Thursday, November 06, 2008

Review of a Modern Fairy Tale:
Princess Sophia's Gifts

~~5 Stars for Artwork~~
~~4.5 Stars for Story~~

I wholeheartedly recommend PRINCESS SOPHIA'S GIFTS. This lovely picture story book will cheer the hearts of its readers, especially the hearts of the parents, siblings, and loved ones of those with disabilities--as well as disabled children and adults themselves.

An older, rawer tradition of fairy tales included acts that brought great harm and injuries to its heroines/heroes--such as the Armless Maiden or the sightless wandering Prince or the comatose Beauty or the Beast Prince. But often, in tales, there are magical restorations of the lost body parts or healing of the curses.

This tale set in a happy fairy-tale kingdom depicts a lovely ruling family of which Princess Sophia is the youngest and most cheerful of all. We move from the happy status quo to tragedy, and then to a spiritual encounter and its consequences, and then to a kingdom-wide quest. Lastly, as in so many classic tales, we reach the final realization, the wisdom, the "moral." The story's weight comes from the author who speaks from a place of personal experience: Diane Hovey's own child went through the suffering that little Princess Sophia did, and like the fictional princess, came out of her choking incident with disabilities that could not suppress her natural exuberance and beauty.

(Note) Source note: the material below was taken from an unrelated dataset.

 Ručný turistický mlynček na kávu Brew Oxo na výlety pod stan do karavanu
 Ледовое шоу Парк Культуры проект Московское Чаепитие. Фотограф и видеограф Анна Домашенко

To be fully honest, this is not a perfect telling: The one very obvious flaw in how the tale is told--and the reason why this is not a double-five-star review, but a 1/2 star is taken away from the story--is that once Princess Sophia is, like other fairy story princesses, gifted in special ways, we do not see these special attributes/gifts used during the quest. In order to understand the purpose of the spiritual gifting, we need to see the Princess interact with those who encounter her as she travels. That would then be punctuated by the meeting with the sage...who brings the climactic epiphany forth.

The artwork, though, gets a full five stars. I've followed the art of Sara Butcher for a couple years now (and became so enamored of it that I commissioned a piece of watercolor art from her two years ago), and I can testify that her ability to capture spirituality in a fantasy setting is brilliant and utterly captivating. There is grace. There is illumination that seems magical and filled with cheer. There is gorgeousness in the depiction of women with flowing hair.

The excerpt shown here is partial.